Senin, 22 Oktober 2012

Hati-hati Menguras Emas Banyuwangi.

22/10/2012.
Pemerintah tidak bisa mencampuri sengketa bisnis tambang emas di Gunung Tumpang Pitu, Banyuwangi, yang kini meruncing. Bahkan persiapan penambangan di ujung Provinsi Jawa Timur ini sampai di stop. Tapi pemerintah pusat ataupun daerah mesti memastikan lagi bahwa eksploitasi emas merupakan berkah, bukan bencana bagi penduduk wilayah ini.
Konsesi penambangan yang kini diributkan itu di pegang oleh PT Indo Multi Niaga(IMN) sejak 2006. Menggandeng anak perusahaan Australia Intrepid Ltd, Emperor Mines, perusahaan ini sudah mendapat izin mengeksplorasi dari Kementerian Kehutanan.
  Berdasarkan penelitian, sedikitnya isi perut bumi yang di kuasai IMN mengandung 2 juta ounces emas dengan nilai sekitar US$ 5 miliar atau Rp 50 triliun. Hubungan IMN dengan Intrepid dalam “proyek tujuh bukit’’ itu belakangan ini retak. Intrepid, yang sudah mengucurkan UU$ 100 juta, merasa dipermainkan lantaran IMN berupaya mengalihkan sahamnya ke pihak lain.
Untuk “memperkuat’’ posisinya, Intrepid kini menggandeng pengusaha- yang juga politikus – Surya Paloh.

  Sengketa itu membuat kegiatan eksplorasi di Banyuwangi berhenti. Pemerintah bisa menggunakan momen ini untuk memeriksa lagi perizinan tambang emas di Banyuwangi. Menteri Energi dan Sumber Daya Mineral, Menteri Kehutanan, Menteri Lingkungan Hidup, Gubernur Jawa Timur, serta Bupati Banyuwangi harus duduk satu meja membahas kasus ini.
Bahkan perlu dilibatkan pula sejumlah organisasi lingkungan yang selama ini menuntut area tambang itu ditutup. Solusi tepat mesti diambil agar keputusan perihal tambang itu tidak merugikan siapa pun.

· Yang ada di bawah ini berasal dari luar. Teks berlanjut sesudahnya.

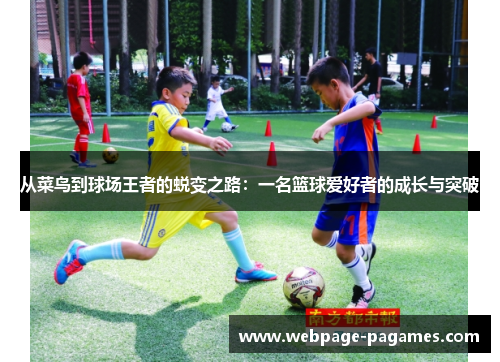 从菜鸟到球场王者的蜕变之路:一名篮球爱好者的成长与突破 从菜鸟到球场王者的蜕变之路:一名篮球爱好者的成长与突破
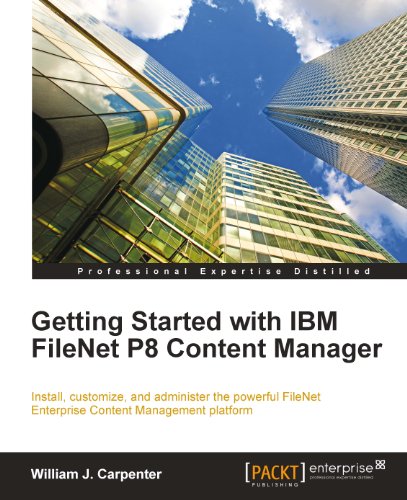Getting Started with IBM FileNet P8 Content Manager (English Edition)
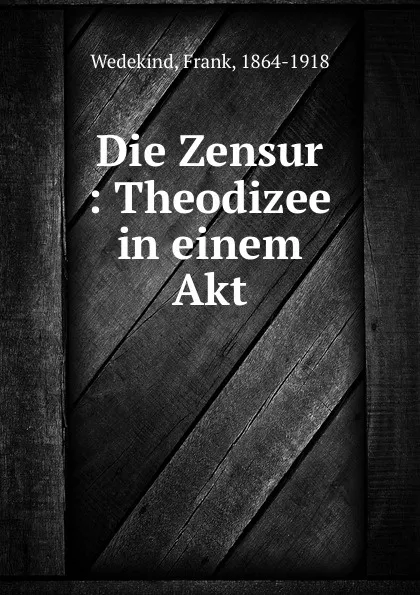 Обложка книги Die Zensur, Frank Wedekind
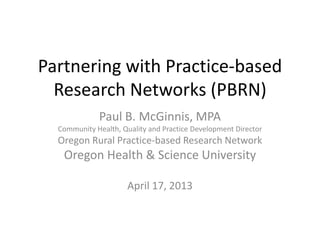 Partnering with Practice-based
Research Networks (PBRN)
Paul B. McGinnis, MPA
Community Health, Quality and Practice Development Director
Oregon Rural Practice-based Research Network
Oregon Health & Science University
April 17, 2013
 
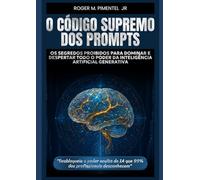 O Código Supremo dos Prompts: Os Segredos Proibidos para Dominar e Despertar Todo o Poder da Inteligência Artificial Generativa (Domine a IA: A ... em ChatGPT e Inteligência Artificial)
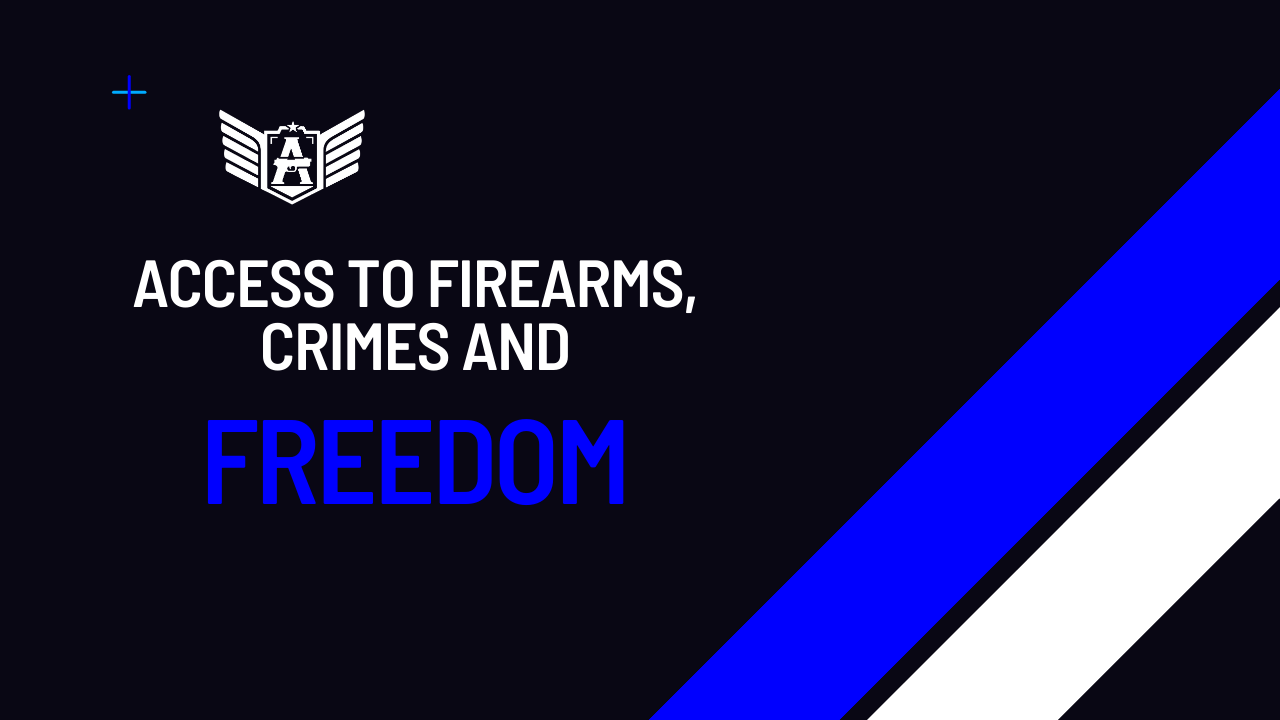 Access to firearms, crimes and freedom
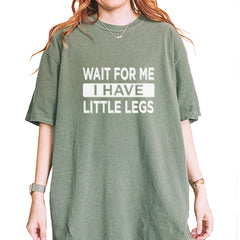 Wait For Me I Have Little Legs Funny Vintage Soft Unisex T-shirt Moss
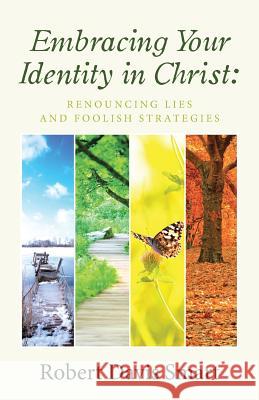 Embracing Your Identity in Christ: Renouncing Lies and Foolish Strategies Robert Davis Smart 9781512778892 WestBow Press - książka
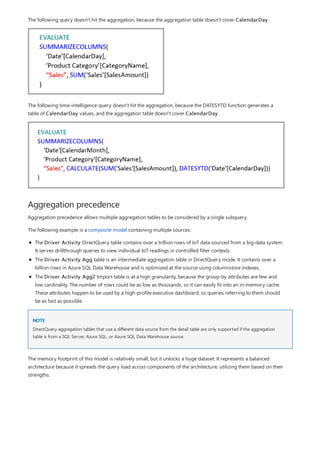 Aggregation precedence
NOTE
The following query doesn't hit the aggregation, because the aggregation table doesn't cover CalendarDay.
The following time-intelligence query doesn't hit the aggregation, because the DATESYTD function generates a
table of CalendarDay values, and the aggregation table doesn't cover CalendarDay.
Aggregation precedence allows multiple aggregation tables to be considered by a single subquery.
The following example is a composite model containing multiple sources:
The Driver Activity DirectQuery table contains over a trillion rows of IoT data sourced from a big-data system.
It serves drillthrough queries to view individual IoT readings in controlled filter contexts.
The Driver Activity Agg table is an intermediate aggregation table in DirectQuery mode. It contains over a
billion rows in Azure SQL Data Warehouse and is optimized at the source using columnstore indexes.
The Driver Activity Agg2 Import table is at a high granularity, because the group-by attributes are few and
low cardinality. The number of rows could be as low as thousands, so it can easily fit into an in-memory cache.
These attributes happen to be used by a high-profile executive dashboard, so queries referring to them should
be as fast as possible.
DirectQuery aggregation tables that use a different data source from the detail table are only supported if the aggregation
table is from a SQL Server, Azure SQL, or Azure SQL Data Warehouse source.
The memory footprint of this model is relatively small, but it unlocks a huge dataset. It represents a balanced
architecture because it spreads the query load across components of the architecture, utilizing them based on their
strengths.
 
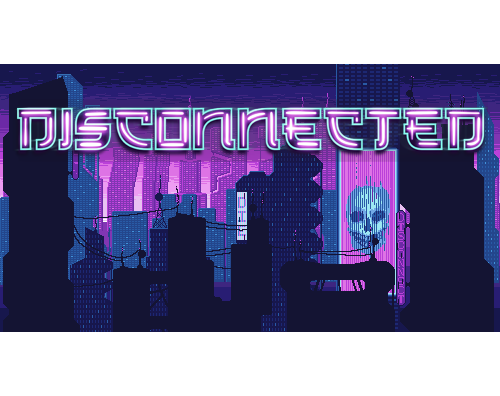 Games like Disconnected RUN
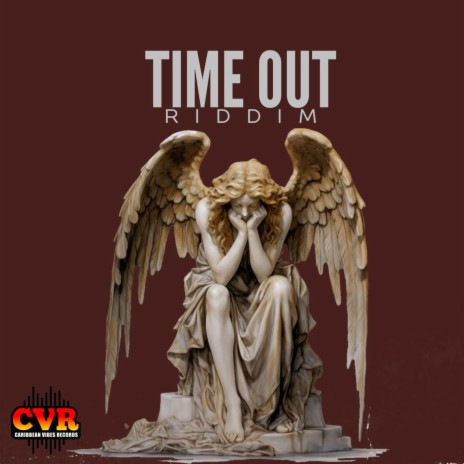 TIME OUT RIDDIM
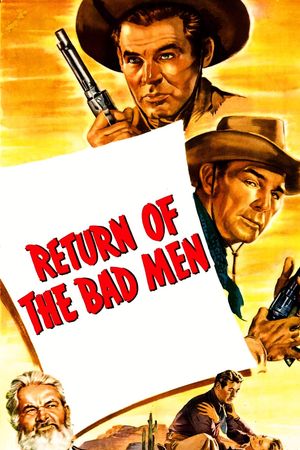 Return of the Bad Men's poster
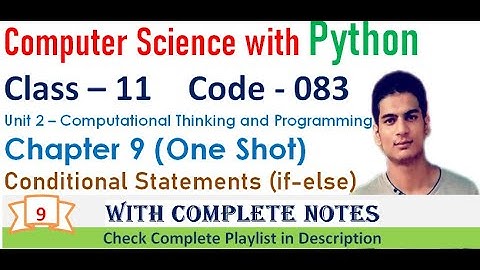 Conditional Statements if else | Chapter 9 | Class 11 Computer Science with Python | One Shot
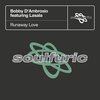 Bobby D'Ambrosio、Lasala - Runaway Love (feat. Lasala) (Osio Remix)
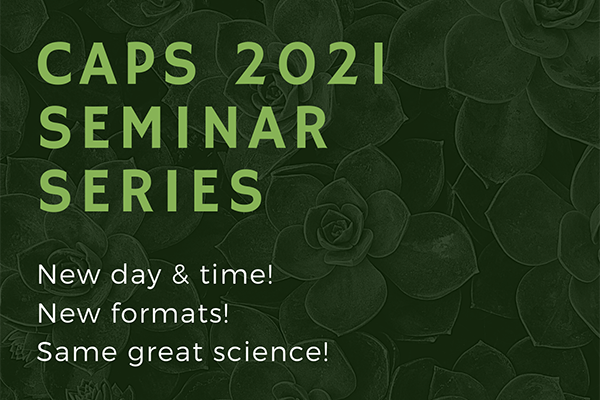 CAPS 2021 Seminar Series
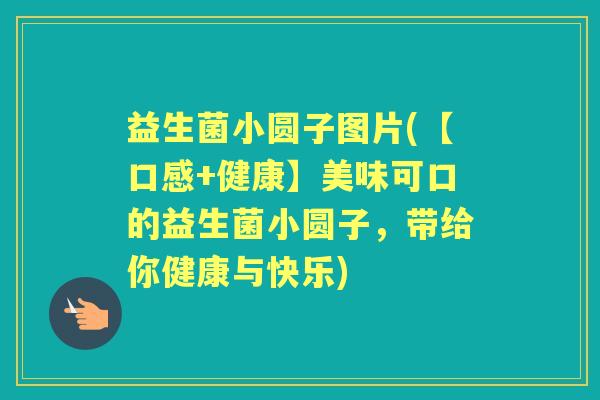 益生菌小圆子图片(【口感+健康】美味可口的益生菌小圆子,带给你健康与快乐) 益生菌小圆子图片(【口感+健康】美味可口的益生菌小圆子,带给你健康与快乐)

  Walau IMN belum melakukan eksploitasi, faktanya kini ribuan orang berburu emas di sana. Dan sejauh ini pemerintah Banyuwangi tak bisa menghentikan kegiatan ilegal yang memporak-porandakan hutan di sana. Bisa dipastikn keberadaan para penambang ilegal itu akan menjadi masalah bagi para investor yang berhak mengelola area tersebut.
Benar bahwa Undang-undang Nomor 4 Tahun 2009 tentang pertambangan Mineral dan Batu Bara kini membuka pintu lebar-lebar bagi perusahaan Asing untuk berbisnis tambang di Indonesa.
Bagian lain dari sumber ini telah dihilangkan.